While I care about the refugees, I also care about being wise and shrewd. I care about being good stewards of what God has provided for us. I care about helping people right. I care about empowering people and not reducing them to helpless victims of their circumstances while making myself out to be some kind of savior. And as a result of caring about doing it right, I think it is right to go slow. My old boss used to often say, “sometimes you have to go slow to go fast,” and this, I believe, is one such situation.

What if we allowed anyone in? What if we let them in under some pretense of it being the Christian thing to do and in this effort, we bring the very violence they are attempting to escape to our own land. What then for all those who wish to escape to safety within our borders? What if we are importing something different and that negates any chances we had at helping anyone?

Sure, I wish this wasn’t a question that needed to be asked, but it is! We need to ask who is coming. We need to ask where they are going when they get here. We need to ask what supports are in place and how many can the systems handle.

So let’s pause for a moment, lay down our arms and learn from a continent who has gone before us… Europe.

Europe has had a very open border, a wide-open-arms acceptance policy on refugees. Germany alone accepted 100,000 in one year. Sweden, Greece, Italy… all took hoards of refugees. The numbers are astonishing and could leave an American feeling ashamed of her country.

Europe saw an influx of 90,000 unattended minors. Children refugees showing up on the shores of Greece and Italy with no parent or guardian by their side. Many more children, mostly age 11 and under, came with an adult. They were processed and vetted and received with asylum status. Some went to stay with relatives who already lived in the countries in which they sought asylum. Others just hoped for a better future, a job, a place to live. But what of the children? Certainly, Europe is praised for welcoming so many children!

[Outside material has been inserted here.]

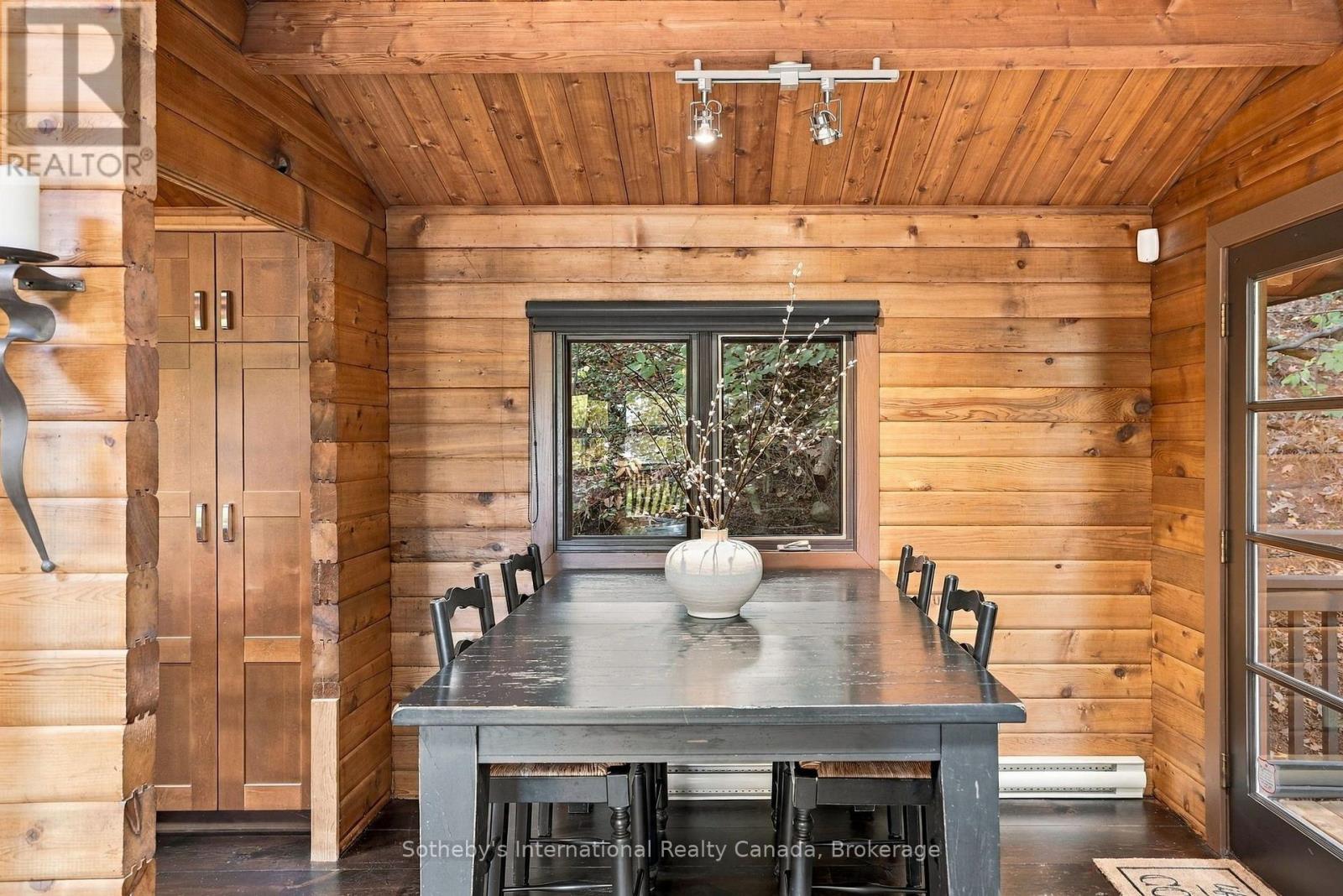 146 Chamonix Crescent, Blue Mountains, Ontario  L9Y 0S7 - Photo 24 - X13874254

But contiune reading about what is happening in Europe and the story looks much more grim. While receiving accolades for welcoming so many refugees, these nations did not have the infrastructure necessary to support them. The people welcomed into the nations of Europe ultimately received little support. But the children, were truly the most at risk, vulnerable, and hurt by the lack of systems in place.

Europe has come forth with frightening reports of 10,000 missing children. Stories are shared of men who stole children to improve their chances of receiving asylum status, now living in Europe and having abandoned or sold the children because they have served their purpose. Unaccompanied children wandering the streets selling drugs or sex so they can buy food, or worse pay back the human transporters who profit  (up to €60,000 per person) from carrying refugees to the shores of Europe. The children themselves say they thought they would get schooling, be taken care of, but instead wish they had never come.

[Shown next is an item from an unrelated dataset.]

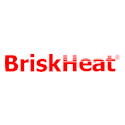 BriskHeat Logo Red Fullsize 5bd9f3d96eea6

The refugee crisis is a crisis like no other. It is one that must be dealt with, both in addressing the present needs of homing and caring for children as well as adults, but also addressing the cause which has created this crisis-war. Yes, war must be dealt with and it’s no easy feat. And of course, in the meantime, we must be a haven of hope and care for these victims, the refugees, but we must have the infrastructure in place, the proper vetting systems in place so we don’t end up with a massive human trafficking and criminal problem. We as a country are no better positioned than Europe to handle these masses of refugees, but we must be. We must take the time, prepare our infrastructure, help those most in need and make sure that children are not left vulnerable to criminal activity, including by the human transporters who brought the children here in the first place, and now demand payment or servitude, often as sex slaves.

We need to be ready. We cannot haphazardly welcome any number of people here just to abandon them and hope for the best. That is not good strategy, not good policy, truly unChristian.

Perhaps, as we slow down, we can try to understand each other’s perspectives, get on the same page, work together and have the systems in place to really serve those vulnerable individuals who land no our shores in need of help. That’s the Christian response.